Loose perms are very doable and quite popular for a beach, ocean care-free look in the summer. Keep in mind they do require natural hair free of prior treatments and the cost for a perm session can be notably more than a simple haircut and styling one is used to.
Getting a loose perm is not a major challenge but anyone considering the treatment needs to understand doing so is a bit of a long-term change to one’s hair. Done right, a perm can easily last anywhere between two to six months, depending on how resilient one’s hair is and how well it absorbs the chemicals involved.
What is It?
A perm of any kind is a chemical treatment of a customer’s hair so that it retains a specific shape for an extended period of time. When the chemical is applied, the hair retains the shape it’s forced into during the treatment. The chemicals aren’t so harsh in themselves, but they aren’t cuddles and roses on your hair either.
The chemicals alter the structural definition of one’s hair, which does involve some level of damage. As a result, the hair needs to be clear of any other prior treatment, or the damage will compound and become very serious, i.e. breakage. The hair should also be natural and not over-worked already. A sure sign of over-styled hair will be a lot of tangling, snags and split ends.
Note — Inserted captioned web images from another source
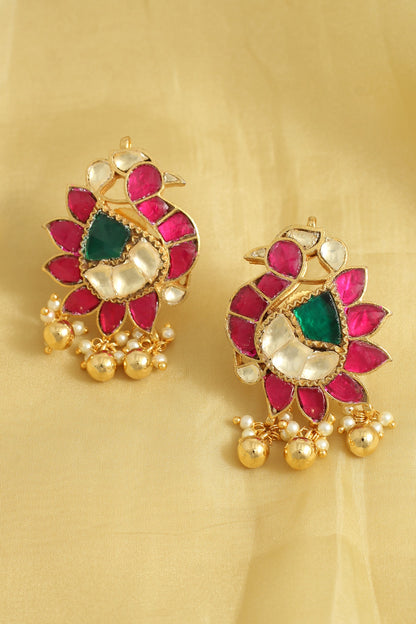 Gold Finish Handcrafted Peacock 
Earrings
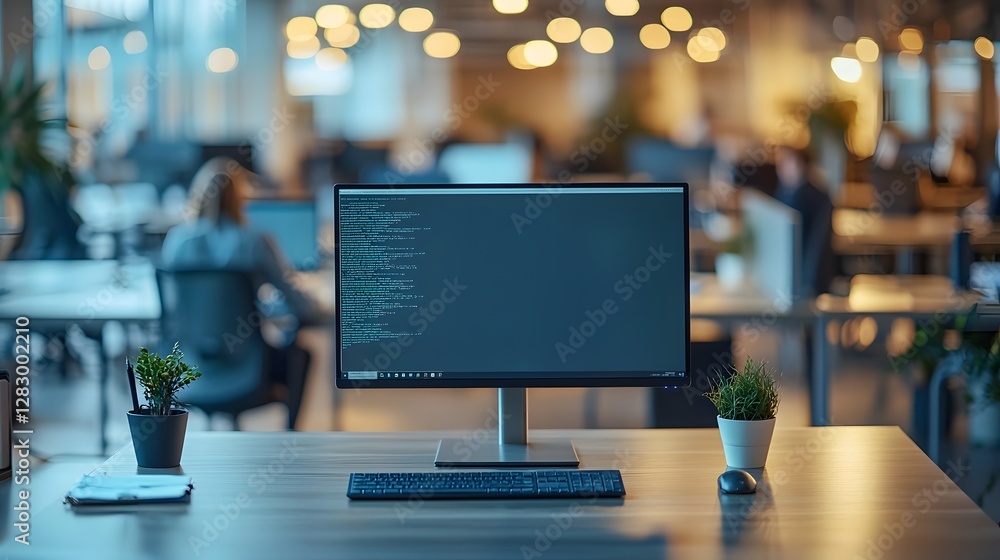 Poster focused view of a computer screen in the foreground of a modern minimalist office setting with blurr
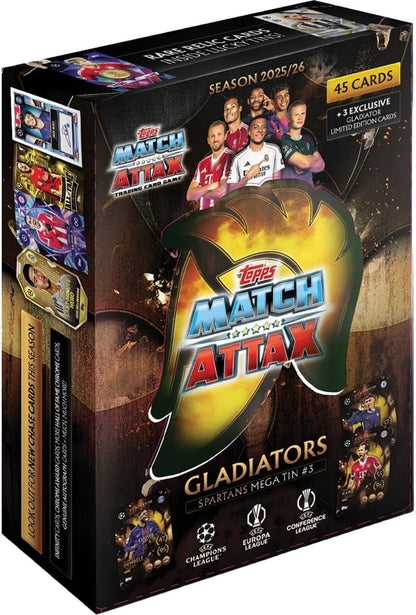 Topps Match Attax 2025/26 Mega Tin | Gladiators Series | 45 Cards + 3 Limited Editions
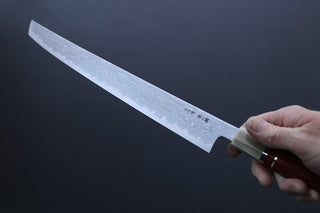 Nakagawa x Myojin Blue1 Damascus Sakimaru Sujihiki 390mm - Thecooksedges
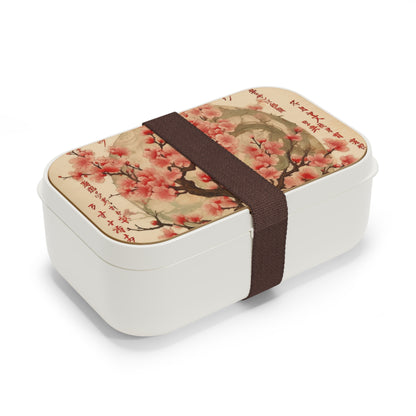 Whimsical Blossom Dreams: Bento Box with Delightful Flower Drawings and Cherry Blossoms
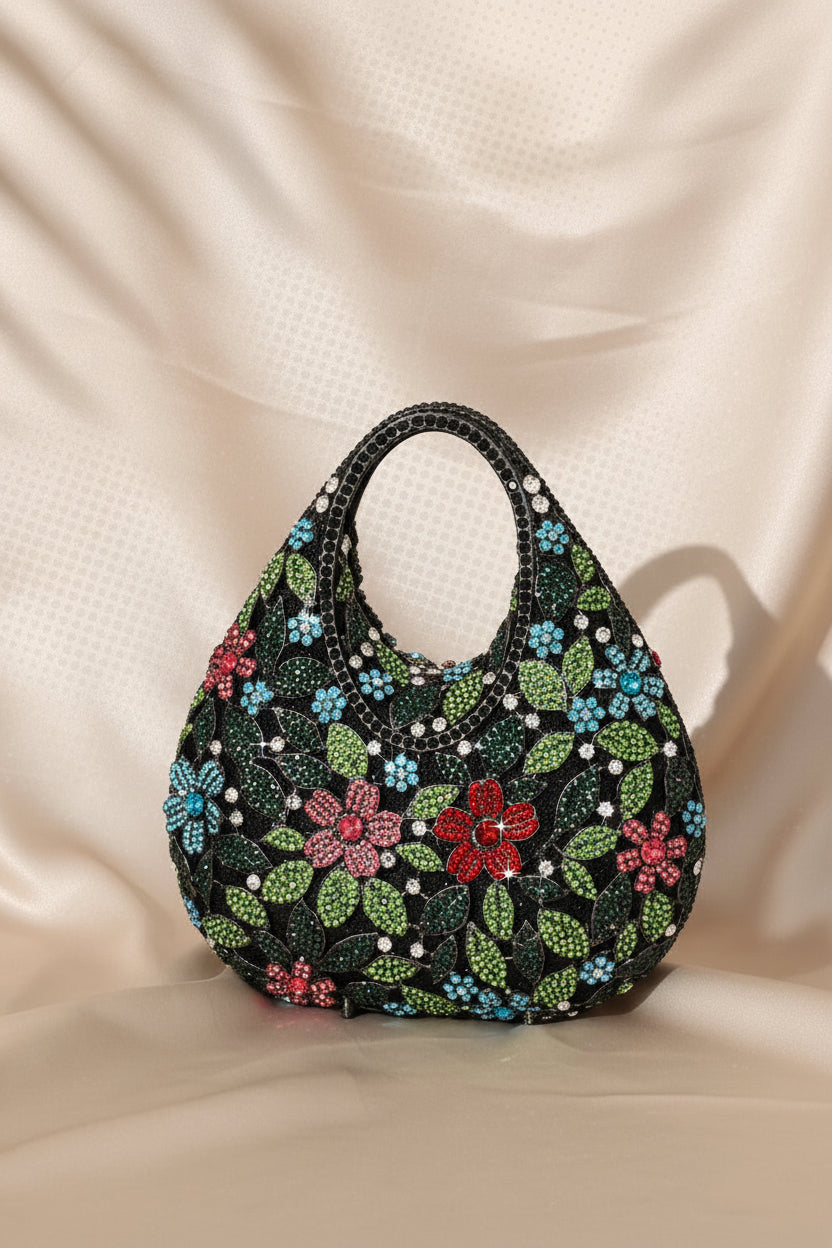 Golden Bloom Crystal Bag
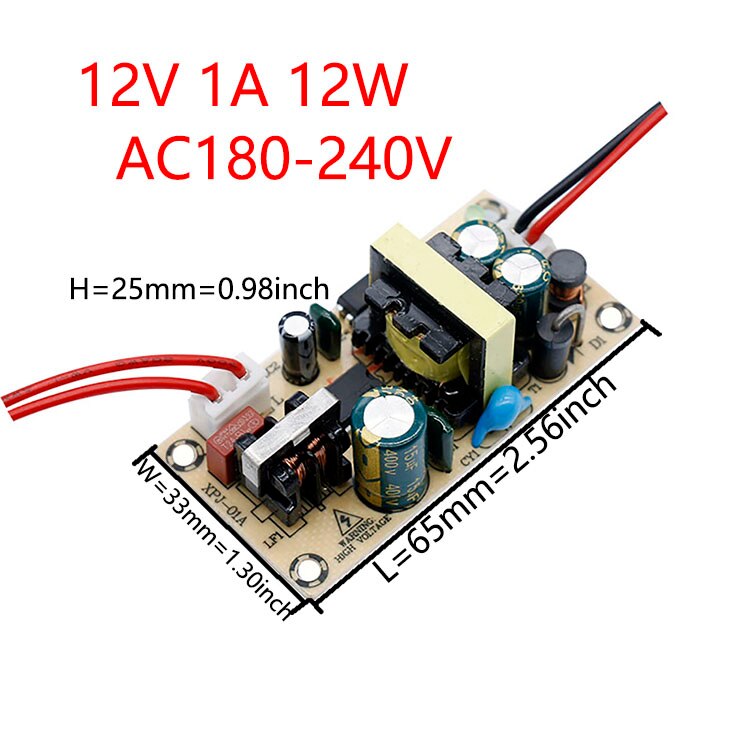 Led Driver 220 12V 1A 2A 3A 5V 2A 24V 12V 32V Led Power supply Geen Flikkering 12W 24W 36W Licht Transformers Voor Fan Led Verlichting: 12V 1A 12W  180-240V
How the Perm Treatment is Applied
First off, you’re going to need to make sure you work with an experienced salon stylist who knows what he or she is doing with perms. This is not the kind of hair treatment to go with a rookie on doing her first job.
Expect as well that you’re going to need at least three hours for the entire treatment and work. Shorter hair will take less time, especially if the perm is just for a loose wave versus tight curls. For reference, a customer with shoulder-length hair can easily expect at least two hours of sitting during treatment, not including travel time as well.
The beginning process is prep work. A customer’s hair is washed and shampoo’ed. The next step involves what is referred to as “wrapping,” where sections of hair are wrapped around colorful rods that bend. These rods come in different thicknesses to give the hair a varying curled look versus uniform curls that would look weird and unnatural.
Once wrapped, the hair is then drenched in the perm chemical solution, and it stays soaked for at least a half-hour. Tighter curls can take a longer treatment while a looser wave will be shorter and closer to 30 minutes. The chemicals are then washed out with warm water, there’s a pause for a few minutes, and then a neutralizer is applied.
An additional pause allows the neutralizer to work, and then there is another rinse. Only after all these steps does the unwrapped phase occur, taking the hair off the rods and showing the true perm results. Again, depending on the length of treatment, the curls will be looser or tighter as a result.
Which Hair Does it Work Best On?
Thin hair can be permed but there should not have been any treatment on it at all as a perm would likely finish it off. Thicker hair will do better even with an occasional prior treatment like mild coloring. Those realizing the best impact will be folks who naturally have straight hair to begin with. Hair with loose waviness will be a second category with less of a noticeable impact, and women with serious tight waves shouldn’t even bother as the effect will be minimal.
Challenges With Loose Perms and Similar
Folks who get a perm need to understand they are dealing, at least for a few months, with an entirely different hairset. The only habits of what one used for hair care and styling each morning have changed completely and don’t apply.
First, the hair has been stressed and need moisturizer for care. So hydrating shampoos and conditioners are a must to keep the permed hair healthy. Second, the first two full days after a perm a customer needs to just leave it alone. Let the hair hang and relax. No brushing, shaping, forming or similar. No surprise, Fridays are probably the best days to get a perm to give you the weekend to recover.
You will also need to be prepared for a bit of a cost hit getting a perm. Even a low curl perm is going to set you back probably $100 if not more. Depending on whom you go to for treatment, the perm cost can range from $60 (really scary if you wonder whom you’re dealing with) to $300 (typical high-end salon pricing). You won’t know for sure until you make the appointment and get the cost upfront before stepping in the door.
Things to Avoid
Additionally, the hair needs to generally be in a natural state and should not have been bleached or colored at any time prior. While some perm jobs will state a simple dye job won’t be a big issue, it does increase the risk of damage when the perm is applied. If your hair has been bleached, heavily dyed repeatedly, or stripped, don’t go into a perm at all of any kind.
The hair’s integrity has been already weakened by the previous chemical treatment, and a perm treatment could very well cause the remaining structure to fail. That will mean your hair falling out in large chunks.